We moved on and I asked her 'Is is OK if I record this session?' And I got an instant 'No, it isn't'. When I asked why not, she replied 'I don't want anyone else listening to what I say'. Very forceful, and very aggressive.
It has been my experience that I get about two clients a year who don't want the session recorded. Occasionally the client wants to talk about delicate sexual matters, and that's OK. It is also my experience that every problem client I have ever had was one who refused to allow the session to be recorded. Refusal is now an instant warning flag to me.
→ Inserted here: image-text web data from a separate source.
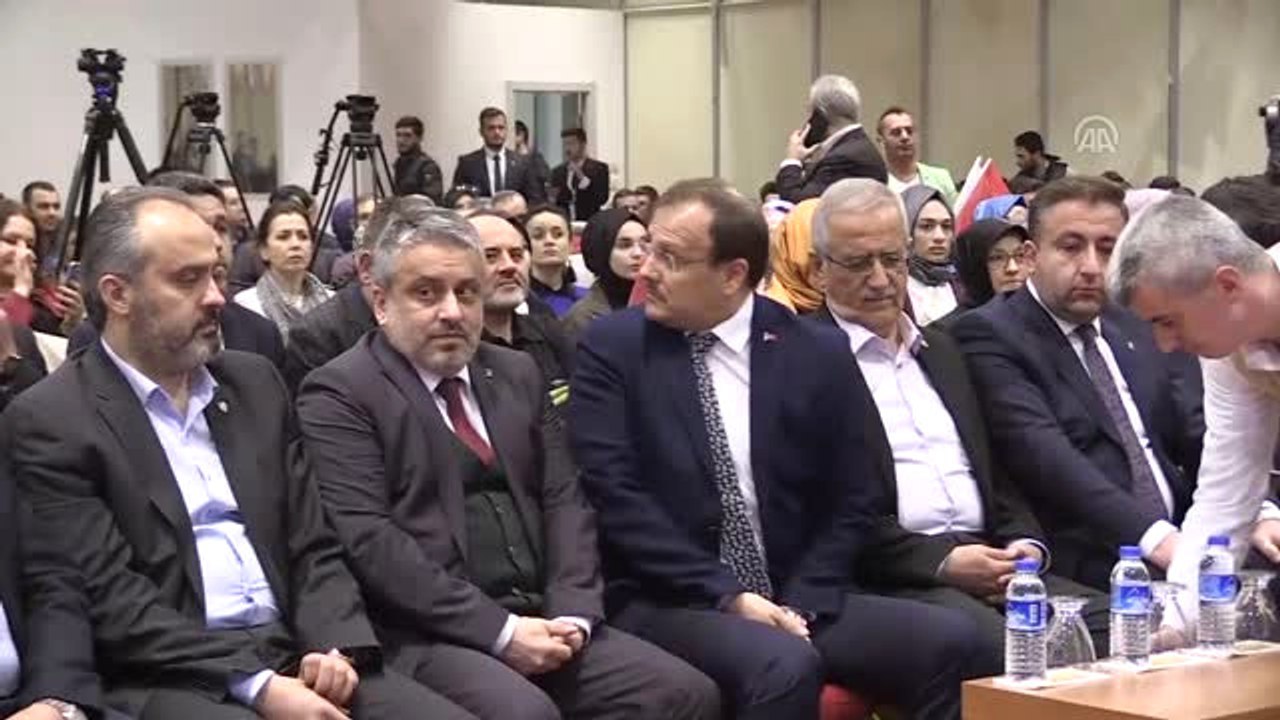 Başbakan Yardımcısı Çavuşoğlu: "Türkiye Bence Türkiye Olduğundan Bu Yana En Güçlü Dönemini Yaşıyor"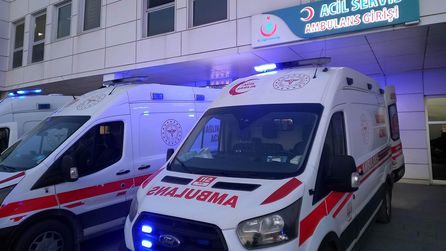 Çanakkale'de emekli öğretmen, eşini vurduktan sonra intihar etti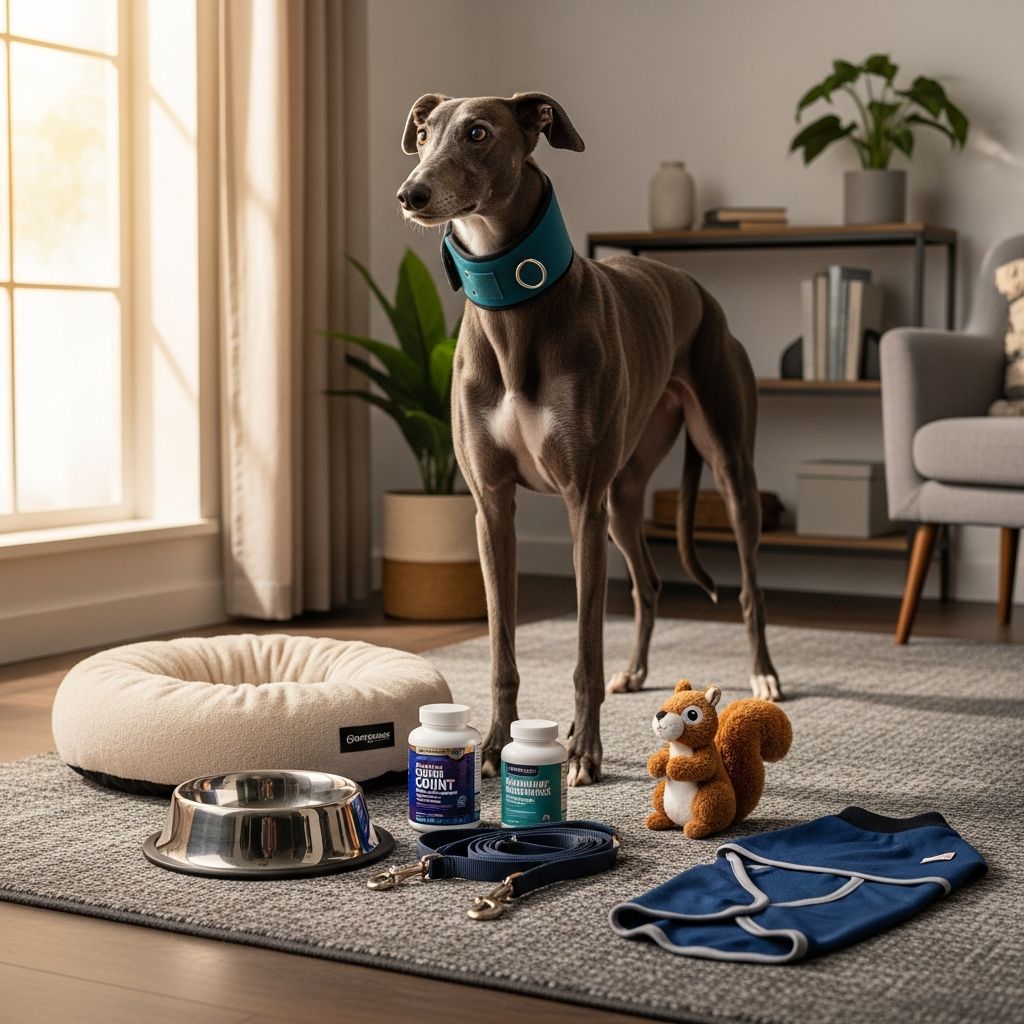 Greyhound Essentials: A Comprehensive Guide To History, Traits, And Care Discover the ancient legacy, stunning physique, and gentle spirit of the Greyhound, from royal hunter to cherished family companion.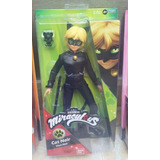 Ladybug Miraculous 26 Cm Cat Noir Articulado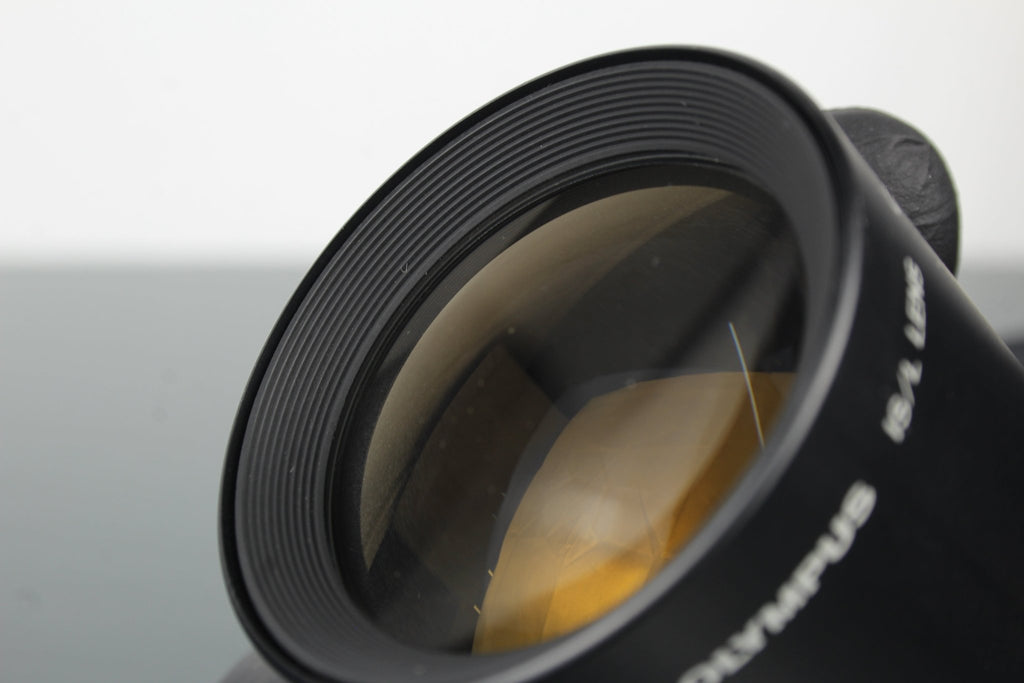 Olympus C - 180 Lens Converter 1,7x 52mm - Dutch|Thrift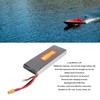 7.4V 10000mAh Lithium Battery 30C XT60 Plug RC 2S LiPo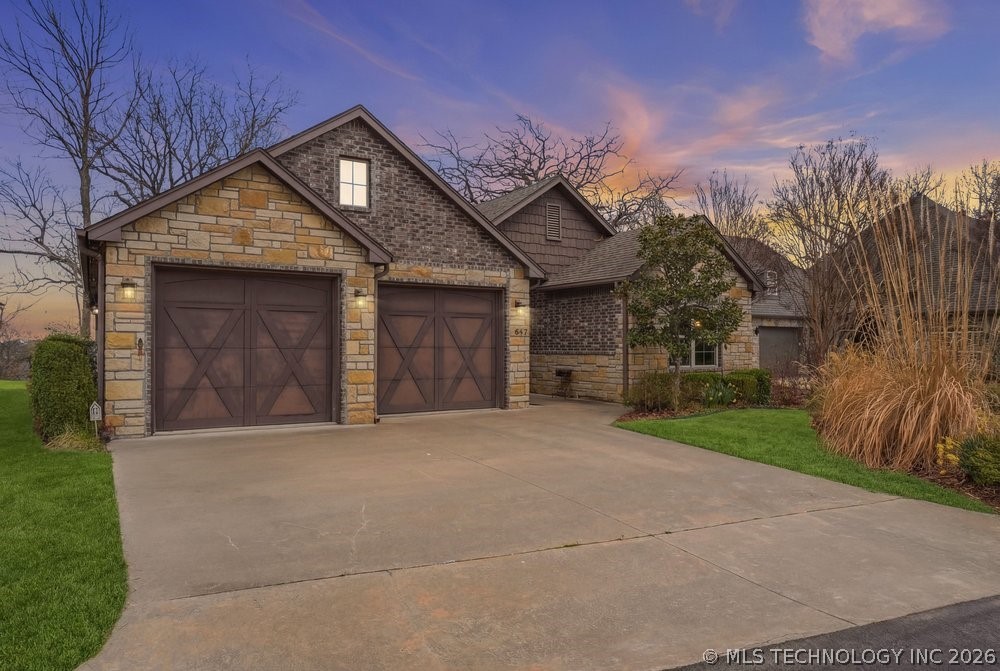 647 E Huntsville Place Broken Arrow OK 74011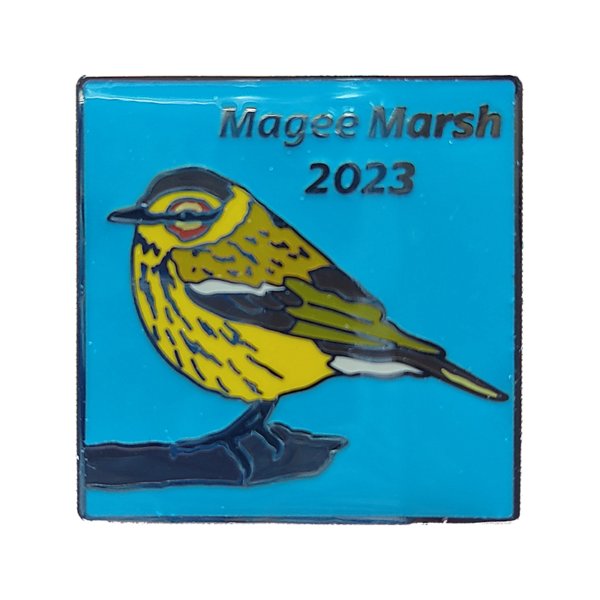 2023 Magee Marsh collectable pin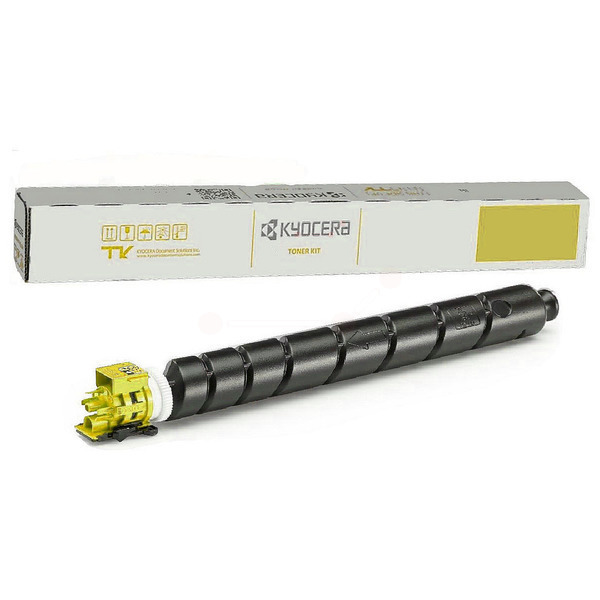 Kyocera Toner 1T02XDANL0, TK8375Y
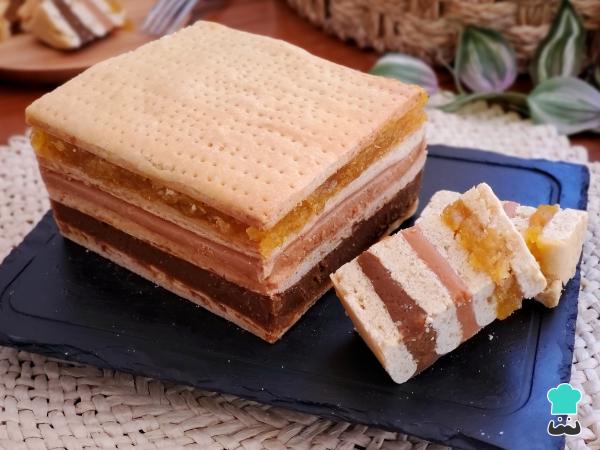 Receta de King Kong dulce - Paso 17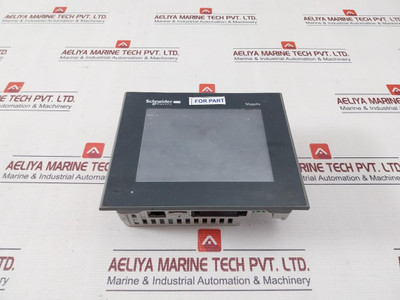 Schneider Hmigto2310 Magelis Gto 5.7" Color Touch Screen Panel (Not Working)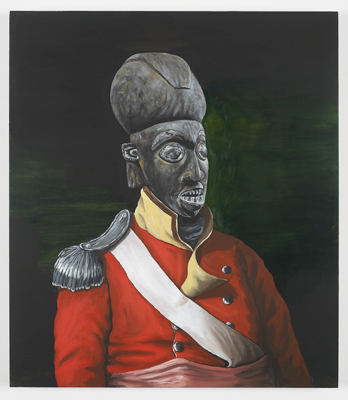 Djordje Ozbolt, The General, 2011, Herald St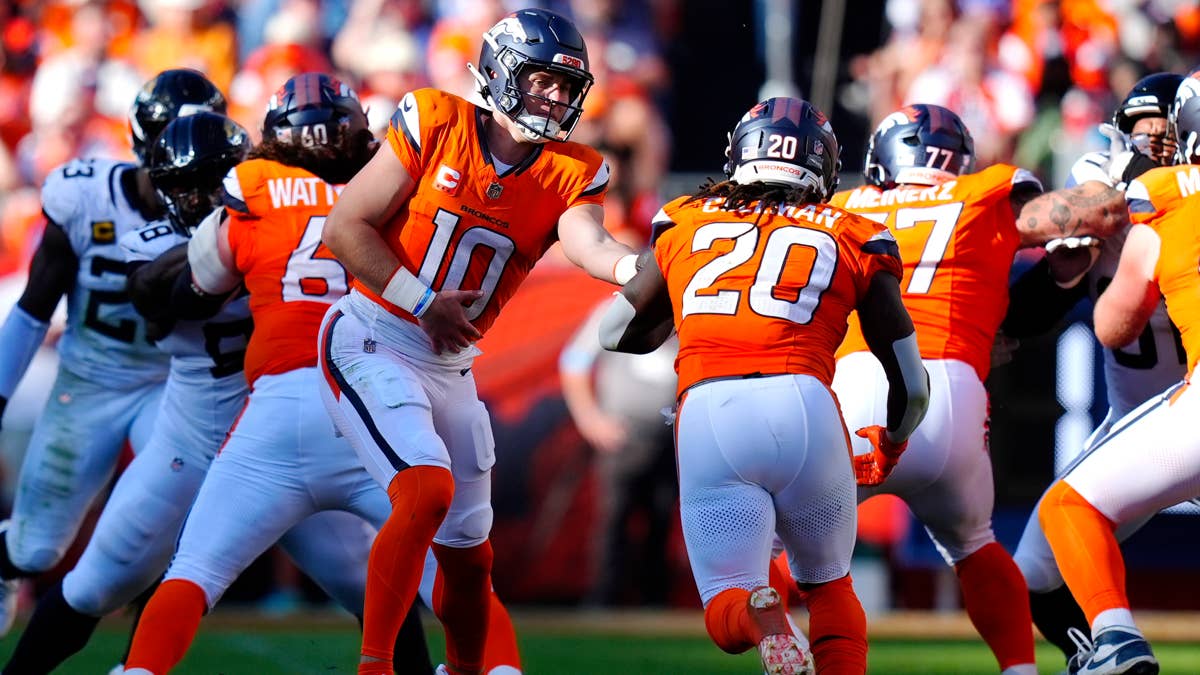 Denver Broncos Face a Backfield Test Before Sunday, and Three Backs Hold Answer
I considered terminating the session right then, but decided to continue with the session to see whether I could retrieve the situation. I asked what her problem was and she said 'Drinking. It is ruining my relationship'. I then asked her whey she just didn't stop. Answer 'I don't know'. Why do you think you drink? Answer 'I don't know'. What do you get out of it? 'I don't know'. And so it went on. Every attempt to access her feelings was blocked. As I started to explore her behavior and how and when she drank I kept pointing out inconsistencies. For example, 'I can't stop drinking' and 'I only drink at weekends'. Pushing further into why she was drinking, total aggressive defensiveness came out. Then I got to what harm her drinking was doing to her relationship if her partner also drank, the real reason emerged. 'I snap at him when I am drinking and say things that I wouldn't say when I am sober.'

This began to sound to me like an extreme case of Black and White thinking. I gently probed for evidence of depressive behavior. She immediately went into defensive mode. Every attempt to suggest that she might have some aspect or other was strongly denied. And not just denied: it was refuted in a way that made it clear that she thought I was an idiot. Every question was thrown back at me, and I began to realize exactly what was happening in her relationship.
And I also realized that my first instinct was right: it was time to get her out of my office. Even though I recognized that it was simply her subconscious defending her psyche against any attempt by me to get near whatever the real cause was, the way she was doing it was affecting my psyche as well.

Transference from the problem client

Traditional psychoanalysis warns against something called Transference. This is the tendency of the analyst to take on the personality and mimic the issues of their patients. The degree of transference depends on the strength of the personality of both parties. A strong patient and weak analyst will transfer in one direction, a strong analyst and week patient will transfer in the other direction.
This is not normally a problem in hypnotherapy because hypnotherapists usually only see clients once or twice, whereas psychoanalysts could see their patients for hundreds of sessions. However it is the strength of the personality that matters. In this case the woman was so emotionally aggressive that I found myself reacting to her words and attitude, and I could feel myself tightening up inside as she hooked into my own archaic triggers. If I had let the session continue we both would have continued giving stronger and stronger responses to what the other said.
So I terminated the session and wished her success in finding someone else to help.

I hope she does find a way out of it.